Time to sell the stock…
(As an explanation, I’ve had a theory for a long time that the longevity of a business’ success maps pretty well to the inverse cube of the overstandard tenant improvements of the space it occupies.)
Great theory clearly enuciated by Northcote Parkinson in his book “Parkinson’s Laws”:http://www.amazon.com/exec/obidos/tg/detail/-/1568490151/qid=1105896229/sr=8-1/ref=sr_8_xs_ap_i1_xgl14/103-2905264-9535004?v=glance&s=books&n=507846
The law is on the lines of a company will fail once it moves to custom designed buildings. As the management become more concerned with the building rather than the business.
Called “edifice complex” for which Google itself returns 161,000 hits.
I’m going to have to steal that.
It’s a long-standing Silicon Valley axiom too, known as the “Castle in the Swamp” axiom.
I’ve worked for 3 companies for whom this law has proven true. Didn’t know it had a name.
And now I do.
How do you explain the Johnson Wax headquarters by Frank Lloyd Wright?
A proper Google Plex should have 10^100 number of windows, which is a lot of windows so they’re going to have to be pretty small. The elevators must have options for “Search” and “I’m Feeling Lucky”. You could put a pop-up billboard on the summit, and then weld rebar across the slot to keep it from popping up.

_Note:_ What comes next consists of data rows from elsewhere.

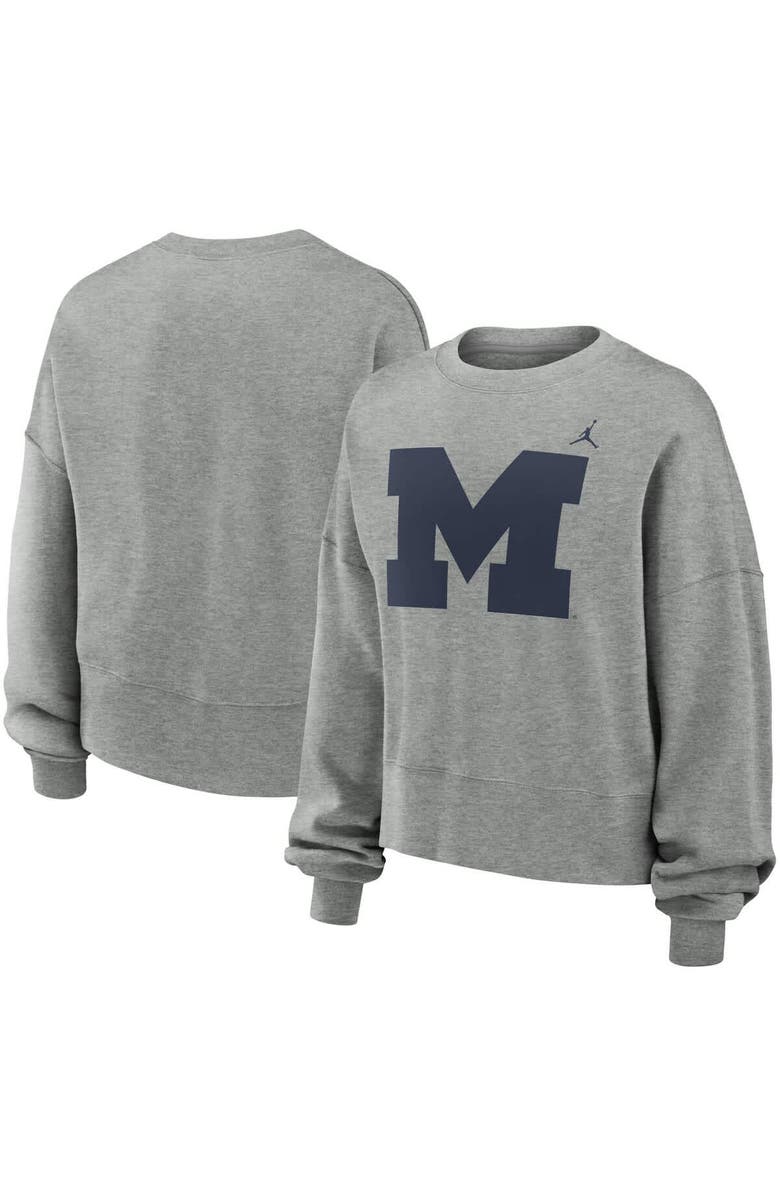 Jordan Brand Women's Jordan Brand Heather Gray Michigan Wolverines Essential Fleece Oversized Logo Pullover Sweatshirt, Main, color, 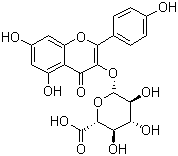 结构式 CAS# 22688-78-4, 山奈酚葡萄糖醛酸苷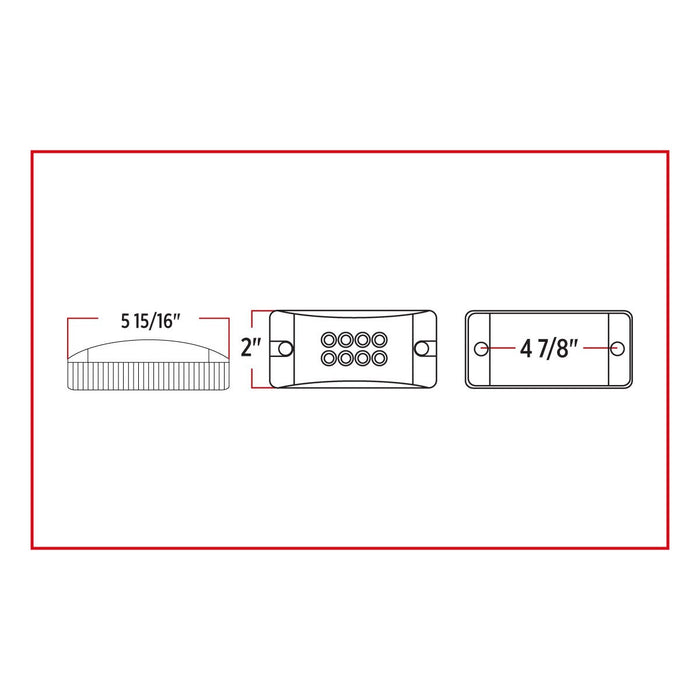 Red 2" x 6" rectangular trailer marker light - CLEAR lens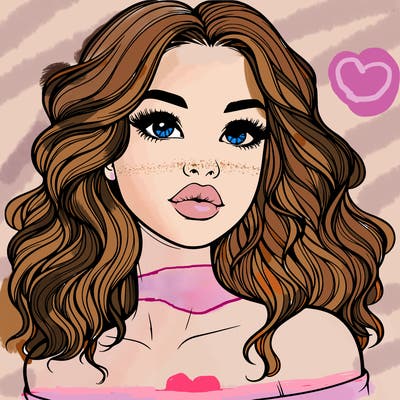 realistic girl with wavy hair and lips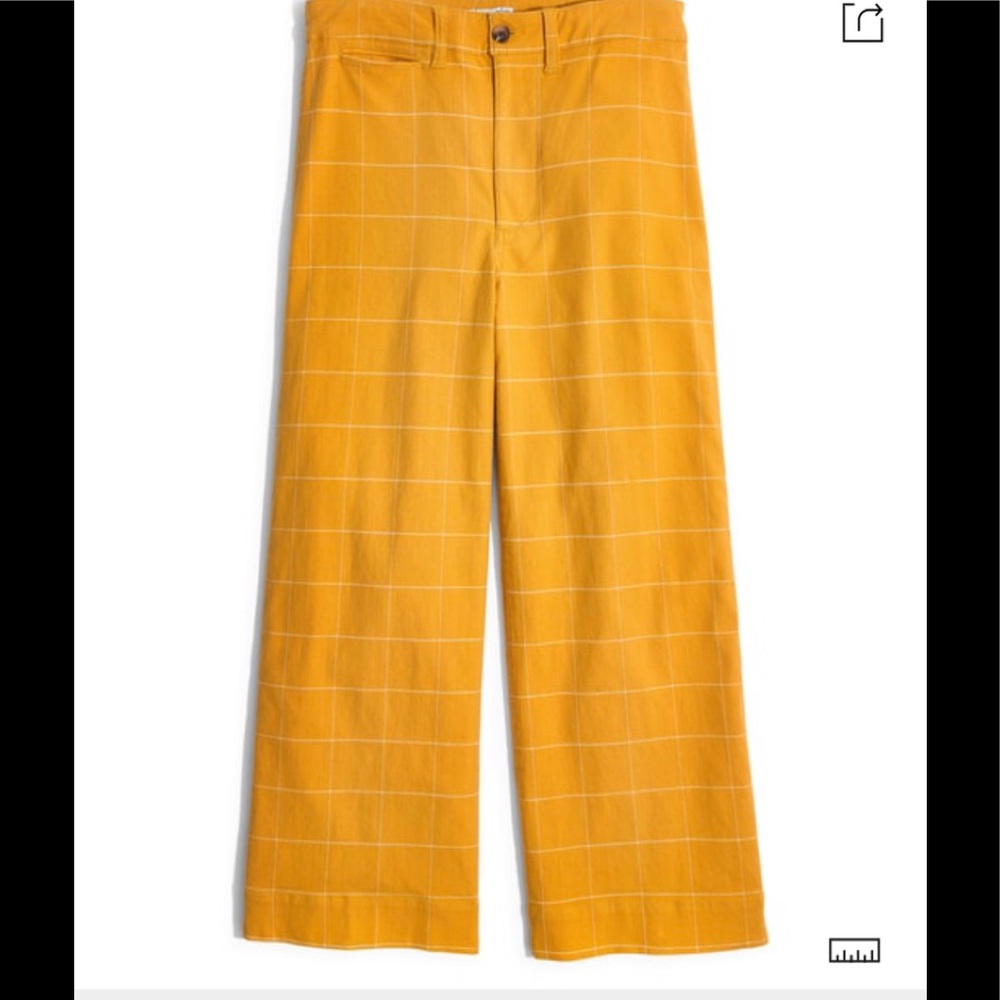 Madewell Emmett Windowpane Crop Wide Leg Pants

I picture a huge white slab with a kazillion air-holes punched in it, topped off with the ugly crayon-box Google logo. There, the damn thing practically designed itself.
Dear Don,
I’ve been there. It is a wonderfully innovative and functional building.
“SC Johnson”:http://www.racinecounty.com/golden/wright.htm
I had the opportunity to visit with engineering staff at both Dell and Compaq on business in the early ’90s. Compaq campus was lush and beautiful. Dell was a sh*thole, with conference room numbers scrawled on scraps of paper taped outside the doors. Today, of course, Dell is Dell, and Compaq is a footnote.
For the Johnson case it would be interesting, although pretty well impossible – since it is a private company, to find out the impact on their profits of the new building in 1939. Although since they had already been trading for 50 some years one would hope they already had a large cash reserve.
The great Johnson Wax building has no windows that look out on Racine. Wright hated Racine and tried to get Johnson to relocate. Johnson refused, so Wright designed a building that totally ignores Racine.
Apple built its campus at 280 and DeAnza Road in the early 90s, just as its market share and stock price headed South. Perhaps the complex has now aged enough for its malignant influence to diminish.
RHIT the Google organizational culture is having some problems scaling up. If the limited amount of management attention is further diluted with architectural planning, do consider dumping the shares, should you be so bullish as to be holding them.
What does “RHIT” mean? And do you have some lnks about this topic?